I understand characteristic classes in the context of vector bundles, so I'm satisfied to say that the adjoint bundle has topological invariants $\text{rank}(\mathfrak{g})$, $c_{1}(\text{ad}P)$, and $c_{2}(\text{ad}P)$. Roughly speaking, one can think of these as measuring "obstructions" to $\text{ad}P$ being trivial. More specifically, we have

$$c_{1}(\text{ad}P) = \frac{i}{2 \pi} \big[\text{Tr}F_{A}\big] \,\,\,\,\,\, \text{and} \,\,\,\,\,\, c_{2}(\text{ad}P) = -\frac{1}{4 \pi^{2}}\big[ \text{Tr}(F_{A} \wedge F_{A})\big].$$

My first question is: does it make sense to talk about Chern classes of principal bundles themselves, or when someone speaks of such a thing, are they implicitly referring to the classes of the adjoint bundles?

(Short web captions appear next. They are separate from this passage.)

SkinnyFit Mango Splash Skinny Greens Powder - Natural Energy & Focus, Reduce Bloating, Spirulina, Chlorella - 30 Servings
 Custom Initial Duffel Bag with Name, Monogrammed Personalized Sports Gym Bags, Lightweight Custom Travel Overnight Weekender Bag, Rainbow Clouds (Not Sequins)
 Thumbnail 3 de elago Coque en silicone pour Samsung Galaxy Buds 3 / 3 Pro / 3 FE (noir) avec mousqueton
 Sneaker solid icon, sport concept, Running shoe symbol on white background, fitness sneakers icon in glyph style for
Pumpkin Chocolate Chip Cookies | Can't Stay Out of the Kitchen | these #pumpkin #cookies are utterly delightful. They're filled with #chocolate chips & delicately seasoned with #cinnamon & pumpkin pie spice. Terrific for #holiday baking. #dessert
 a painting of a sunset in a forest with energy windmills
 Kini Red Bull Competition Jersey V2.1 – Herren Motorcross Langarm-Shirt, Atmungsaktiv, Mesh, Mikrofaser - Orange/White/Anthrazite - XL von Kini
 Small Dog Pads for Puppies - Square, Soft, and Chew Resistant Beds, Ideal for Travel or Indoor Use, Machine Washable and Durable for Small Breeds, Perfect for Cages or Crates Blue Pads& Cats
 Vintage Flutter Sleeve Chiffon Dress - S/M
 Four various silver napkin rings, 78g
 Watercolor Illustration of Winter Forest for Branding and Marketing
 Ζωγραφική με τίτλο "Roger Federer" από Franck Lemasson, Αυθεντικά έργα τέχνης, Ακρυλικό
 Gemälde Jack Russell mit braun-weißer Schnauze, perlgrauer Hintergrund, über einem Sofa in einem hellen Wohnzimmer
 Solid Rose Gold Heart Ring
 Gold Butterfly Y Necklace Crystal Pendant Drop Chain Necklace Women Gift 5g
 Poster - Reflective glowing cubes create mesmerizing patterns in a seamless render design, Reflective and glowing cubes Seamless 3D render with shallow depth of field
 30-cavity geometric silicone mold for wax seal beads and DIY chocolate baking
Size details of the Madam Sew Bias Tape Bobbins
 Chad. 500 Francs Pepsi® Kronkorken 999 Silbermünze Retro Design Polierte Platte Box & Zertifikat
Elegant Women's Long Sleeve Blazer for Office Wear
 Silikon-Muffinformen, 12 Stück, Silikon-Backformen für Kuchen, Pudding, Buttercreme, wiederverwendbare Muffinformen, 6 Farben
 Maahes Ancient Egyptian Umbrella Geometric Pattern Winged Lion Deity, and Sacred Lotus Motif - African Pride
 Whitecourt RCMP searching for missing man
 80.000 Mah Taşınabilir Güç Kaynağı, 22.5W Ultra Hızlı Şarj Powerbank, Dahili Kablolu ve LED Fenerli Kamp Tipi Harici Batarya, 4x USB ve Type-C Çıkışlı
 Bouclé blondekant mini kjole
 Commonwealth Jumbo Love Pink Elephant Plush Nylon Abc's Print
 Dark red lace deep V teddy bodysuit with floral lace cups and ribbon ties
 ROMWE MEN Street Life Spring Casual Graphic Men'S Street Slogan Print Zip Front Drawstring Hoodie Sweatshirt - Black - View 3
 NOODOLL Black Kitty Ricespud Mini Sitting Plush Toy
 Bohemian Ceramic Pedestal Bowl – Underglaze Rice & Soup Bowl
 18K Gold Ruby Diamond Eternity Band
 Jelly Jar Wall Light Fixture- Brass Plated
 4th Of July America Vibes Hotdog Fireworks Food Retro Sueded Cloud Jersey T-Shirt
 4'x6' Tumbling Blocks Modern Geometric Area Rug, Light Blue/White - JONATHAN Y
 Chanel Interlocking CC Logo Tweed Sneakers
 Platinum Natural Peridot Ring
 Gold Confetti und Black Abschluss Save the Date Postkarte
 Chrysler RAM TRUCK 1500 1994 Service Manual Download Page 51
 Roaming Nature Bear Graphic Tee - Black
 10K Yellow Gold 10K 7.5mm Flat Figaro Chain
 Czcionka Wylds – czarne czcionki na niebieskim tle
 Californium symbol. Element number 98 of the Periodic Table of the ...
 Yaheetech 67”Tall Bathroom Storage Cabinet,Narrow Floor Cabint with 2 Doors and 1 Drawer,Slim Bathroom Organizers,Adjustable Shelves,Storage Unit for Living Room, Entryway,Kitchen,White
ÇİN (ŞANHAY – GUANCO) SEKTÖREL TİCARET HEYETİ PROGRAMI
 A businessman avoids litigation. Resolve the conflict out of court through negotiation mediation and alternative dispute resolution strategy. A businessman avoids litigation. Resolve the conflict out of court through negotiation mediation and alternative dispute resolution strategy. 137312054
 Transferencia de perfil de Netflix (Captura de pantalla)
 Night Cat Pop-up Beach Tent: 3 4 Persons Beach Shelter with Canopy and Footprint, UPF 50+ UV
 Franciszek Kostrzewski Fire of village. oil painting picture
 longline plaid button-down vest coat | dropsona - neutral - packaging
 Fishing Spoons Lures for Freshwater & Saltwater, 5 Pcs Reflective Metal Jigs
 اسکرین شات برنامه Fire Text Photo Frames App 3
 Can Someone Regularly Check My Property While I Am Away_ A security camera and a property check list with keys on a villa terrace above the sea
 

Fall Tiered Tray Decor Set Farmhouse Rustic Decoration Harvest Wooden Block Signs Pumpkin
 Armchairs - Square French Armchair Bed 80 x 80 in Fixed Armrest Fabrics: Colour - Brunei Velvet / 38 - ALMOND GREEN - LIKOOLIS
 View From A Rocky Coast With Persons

For example, the above Chern classes measure the obstruction of $\text{ad}P$ from being trivial. Are there such classes which measure the failure of $P$ itself from being trivial?

My second question is somewhat tangential but still related. In algebraic geometry, on a complex surface $S$, one is interested in the instanton moduli space $\mathcal{M}_{N, c_{1}, c_{2}}(S)$ where $N, c_{1}, c_{2}$ are the rank, and first and second Chern classes of the bundles. These are the discrete moduli one fixes. In order to get a nice moduli space, one often allows certain sheaves with those fixed invariants.

For example, to formalize instantons with invariants $(N, c_{1}, c_{2})$ on $\mathbb{C}^{2} = \mathbb{R}^{4}$, one gets a compact moduli space by considering torsion-free sheaves of rank $N$ and those Chern classes on $\mathbb{P}^{2}$ with a framing at infinity. In the case $N=1$, $c_{1}=0$, and $c_{2}=n$ (the instanton number) the moduli space of $U(1)$ instantons on $\mathbb{C}^{2}$ is given by the Hilbert scheme:

$$\text{Hilb}^{n}(\mathbb{C}^{2}).$$

My second question is: how can $U(1)$ instantons have a non-zero second Chern class? I understand that rank one sheaves can have a second Chern class, of course, but if $P$ is a $U(1)$ principal bundle, then $\text{ad}P$ cannot have a second Chern class.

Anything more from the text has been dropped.